The Search for Their Missing Loved Ones: Migrant Communities in Southern Spain

Avec le soutien du Département fédéral suisse des affaires étrangères, le Centre mondial d'analyse des données sur la migration de l'OIM (CMADM) mène un projet de recherche qualitatif dans quatre pays différents auprès de personnes dont des proches ont disparu le long des itinéraires migratoires. Notre objectif est de mieux comprendre comment les proches font face à l'incertitude et à la tragédie tout en cherchant activement des réponses, et d’émettre des recommandations sur la manière dont les gouvernements et les autres acteurs peuvent mieux soutenir leurs efforts. L'Espagne est l'un des pays où le projet est mis en œuvre. Ce blog donne un aperçu de ce que les familles ont identifié comme étant les principaux impacts de la disparition d'un proche migrant, et des obstacles rencontrés lors de leur recherche. Le rapport national sera publié dans son intégralité au cours du premier trimestre 2021.

Mohammed1 sort de sa poche un vieux morceau de papier. Il le déplie soigneusement et le pose sur la table pour que nous puissions l'examiner. Une photocopie presque illisible de ce qui semble être la première page d'un passeport montre le visage d'un jeune homme aux cheveux bouclés.

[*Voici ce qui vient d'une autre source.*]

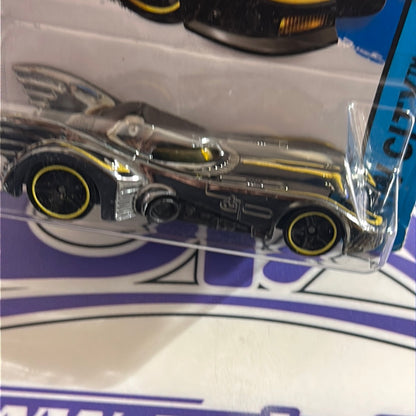 CFJ50 Batmobile Hot Wheels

« C'est tout ce qui reste de lui », déclare Mohammed d’une voix douce.

Le frère de Mohammed a disparu il y a 20 ans lors de son voyage reliant le Maroc à l'Espagne. Il fait partie des 8 600 personnes qui, selon les estimations, ont disparu ou ont perdu le long d’itinéraires de migration irrégulière vers l'Espagne depuis 1988.2 Des années après n’avoir plus eu de nouvelles, sa famille cherche toujours inlassablement des réponses. Les personnes comme Mohammed, qui cherchent à retracer le parcours migratoire de leurs proches vers l'Espagne, sont confrontées à des obstacles bureaucratiques et juridiques complexes tout au long du processus de recherche et doivent se frayer un chemin à travers un système déroutant et semé d’embuches à la recherche de réponses.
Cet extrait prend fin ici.